Furgoni diesel: nel 2019 vendite Ue aumentate del 93 pct
Il passaggio dal motore a scoppio a quello a propulsione alternativa, auspicato da più parti nel rispetto dell’ambiente, sarà al rallentatore. Se si dovesse misurare la fase da come stanno andando le immatricolazioni dei nuovi furgoni si intuisce che la trasformazione del settore trasporti, in chiave sostenibilità, sarà molto più lenta del previsto. Questo settore, infatti, investe soprattutto in prospettiva (sia intermini di ammortamento sia per quanto riguarda la resa del veicolo) e i dati rilevati dall’Acea per il 2019 lasciano ben pochi dubbi.
Quote minoritarie per i motori alternativi
Lo scorso anno, nel complesso, il 92,8% di tutti i nuovi veicoli commerciali leggeri immatricolati nell'Unione europea aveva il motore diesel. Al secondo posto della classifica, con il 4,4% delle vendite realizzate, si sono piazzati i furgoni con motori a benzina. Secondo le statistiche dell’Associazione che raggruppa i principali produttori di auto europei, i veicoli puramente elettrici (ECV) rappresentavano solo l'1,2% delle vendite totali in tutta la regione, mentre i furgoni con propulsione alternativa (APV) in totale occupavano una quota di mercato di appena il 2,8%.
Il mercato è dominato dal gasolio
Nel 2019 il numero di furgoni diesel immatricolati nell'Unione europea è aumentato del 2,4% tendenziale a 1.956.004 unità. Scendendo nel dettaglio dei principali mercati europei, la domanda di veicoli commerciali leggeri alimentati a diesel è aumentata, in particolare in Germania (+7,7%), Francia (+3,4%) e Regno Unito (+1,7%). In controtendenza sono andate le immatricolazioni di furgoni diesel in Italia (-0,3%) e in Spagna (-4%).
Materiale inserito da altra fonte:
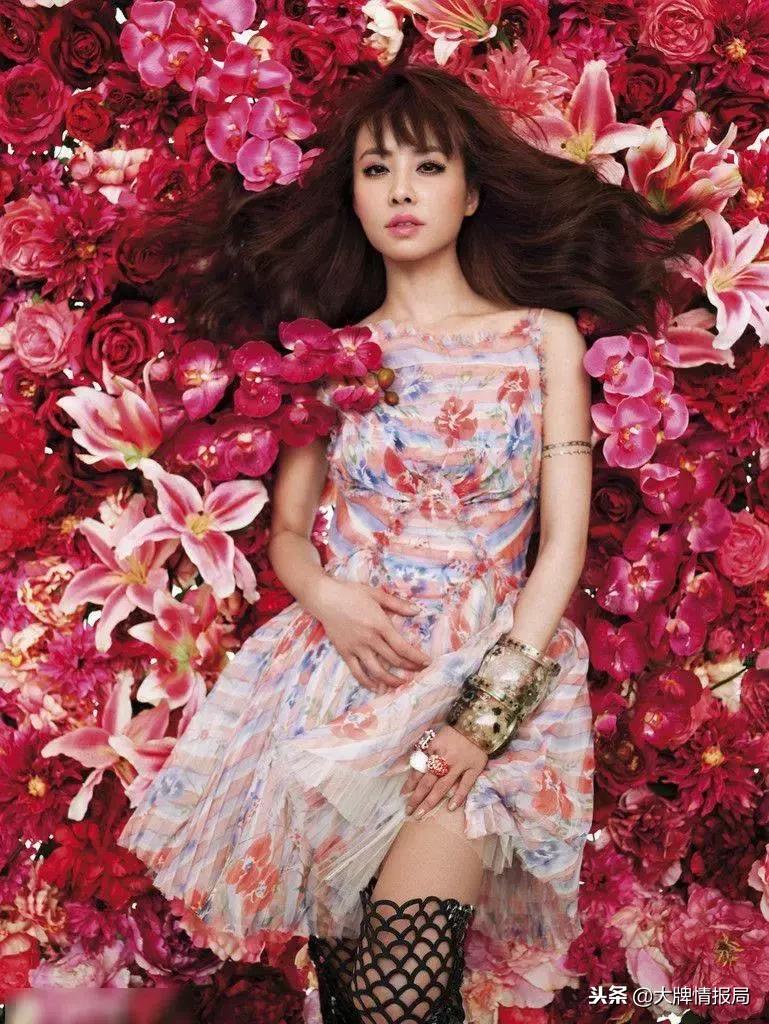 从舞蹈白痴到舞娘，唱歌成就仅次于王菲，传奇亚洲歌后但情路多舛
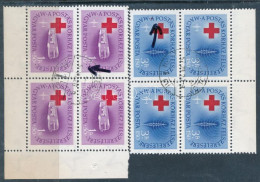 O 1957 Postás Kórház 1Ft+50f és 3Ft+1,50Ft ívsarki/ívszéli 4-es Tömb, Benne 1-1 Tévnyomat - Autres & Non Classés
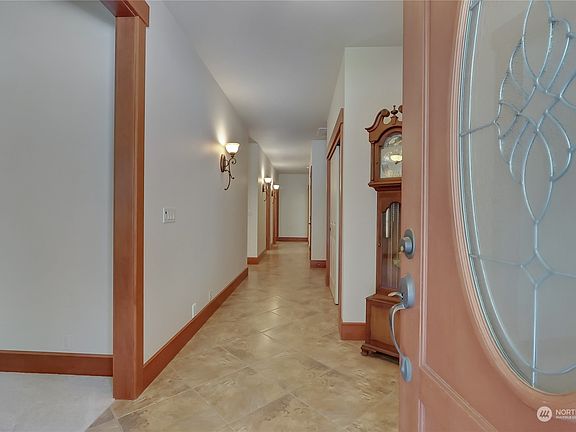 4th image of 13920 51st Avenue E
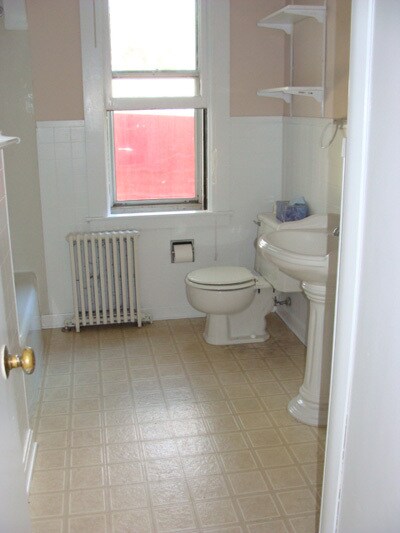 Building Photo - 49 Beacon St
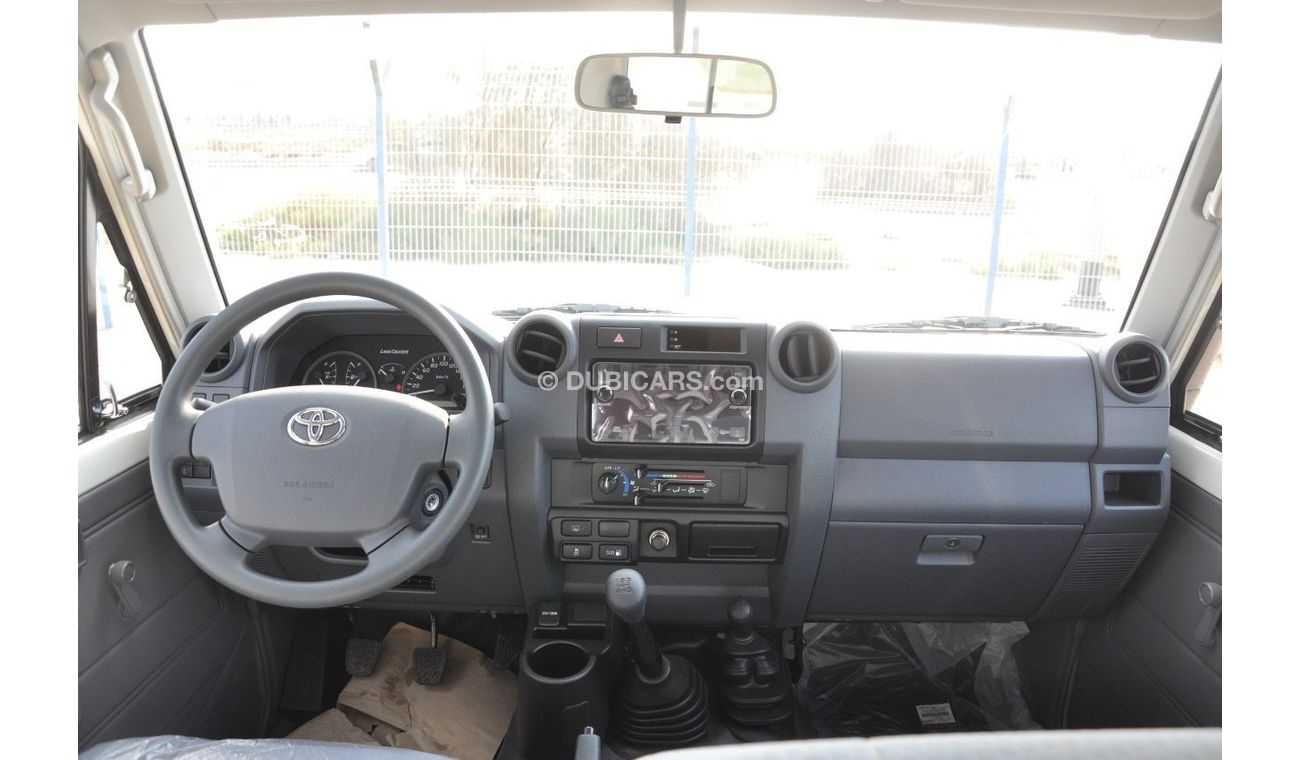 Toyota Land Cruiser 70 2023 TOYOTA LAND CRUISER HARD TOP 4.5L V8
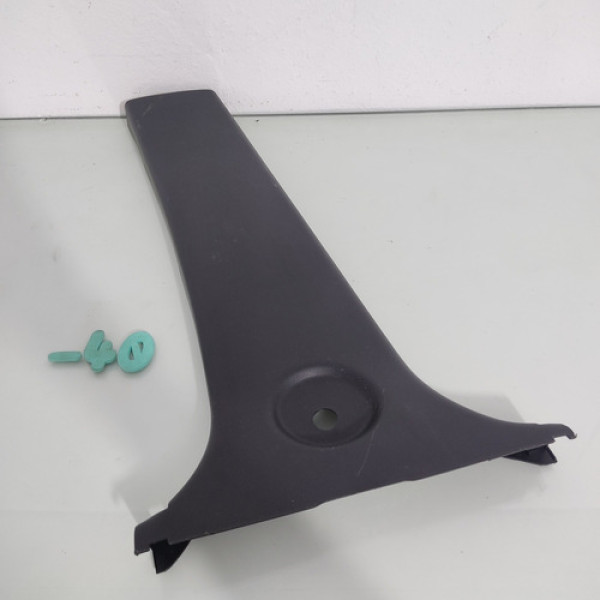 Acabamento Coluna Lado Direito Lifan X60 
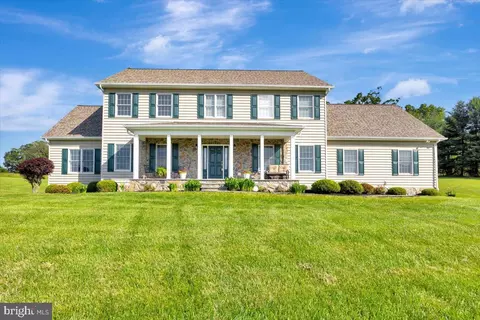 568 Turf Farm Dr, Sykesville, MD 21784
In Italia torna in auge la benzina
La performance delle vendite di van a benzina - nettamente superiore - segnala come anche in questo caso la demonizzazione del diesel abbia avuto un enorme peso. Lo scorso anno sono stati venduti nel Vecchio continente 93.373 furgoni, il 14,9% in più rispetto al 2018. Ad eccezione della Germania (-11,7%), la domanda di questo tipo di veicoli è cresciuta soprattutto in Spagna (+30,3%) e Francia (+27,9%), che assieme hanno rappresentato la metà di tutti i furgoni a benzina venduti nell'Ue. Segno positivo anche in Italia (+65,3%) e nel Regno Unito (+12,4%).
Germania e Francia leader nell’elettrico
La domanda di nuovi furgoni elettrici lo scorso anno è cresciuta del 22,9% a 26.107 unità, pari a una quota dell'1,2% delle vendite totali di veicoli commerciali leggeri nell'Ue. La Francia (8.087 unità) e la Germania (6.704 unità) sono stati i maggiori mercati per questo tipo di veicoli a propulsione elettrica (ECV) e hanno assorbito nell’insieme quasi il 60% di tutti i furgoni elettrici immatricolati in tutta l'Unione Europea.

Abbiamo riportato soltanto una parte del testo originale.